閑話休題、『写真が語る敗戦と占領』(太平洋戦争研究会著、ちくま新書)には、目で見る占領下の日本が溢れています。
●瓦礫の街を歩く母子。東京区部は60回を超える空襲を受け、罹災者約300万人、罹災住宅は約70万戸に上った。
●バラックの前で輪タク(客席を取り付けた営業用三輪車)を修理する男性。家を失った罹災者はトタンや廃材を使った急造の掘っ建て小屋を建てて糊口を凌いだ。
【私も父と一緒に、東京・荻窪駅で客待ちをしている輪タクに乗って自宅まで帰ったことがあります】
●1945年8月26日、連合国軍の進駐前に政府と警察の主導で設立された「特殊慰安施設協会(RAA)」。RAAは自国の女性を「性の防波堤」として戦勝国に差し出す性的慰安所(売春施設)だった。写真は東京・銀座の特殊慰安施設協会事務所。ダンサー2000人・女給3000人を募集する張り紙が出されている。
●RAAが出稿した新聞広告。食糧・生活物資が欠乏するなか、提示された好条件に引かれて慰安婦とは知らずに応募する一般女性が多く、約7万人の女性が慰安所に入ったといわれている。性病が蔓延したため、GHQによって翌1946年3月26日に閉鎖されたが、閉鎖時に約5万5000人いた女性は何の補償もなく放り出された。
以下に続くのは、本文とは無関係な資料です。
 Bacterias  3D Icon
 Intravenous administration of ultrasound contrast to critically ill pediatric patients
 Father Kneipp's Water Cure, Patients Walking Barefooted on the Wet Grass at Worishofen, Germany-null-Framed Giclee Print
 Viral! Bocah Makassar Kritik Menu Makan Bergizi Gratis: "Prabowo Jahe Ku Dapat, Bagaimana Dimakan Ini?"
●1948年9月9日、食糧不足を補うために、休日を利用して農村への買い出しも行われた。写真は岩手県で撮影された買い出し列車。人々が列車に殺到する様子は地獄絵に譬えられた。
●1945年9月、東京・恵比寿の被災地でバラックに住む母子。米の配給は滞り、代用で配給されたサツマイモや大豆などで空腹を満たした。
【私の小学校の同級生A君は、8畳一間のバラックに一家5人で住んでいました】
●教育制度は刷新されたが、教員・教室不足といった教育環境の復興は進まなかった。写真は東京・新宿の大久保小学校の二部授業で、前の授業が終わるのを待っている児童たち。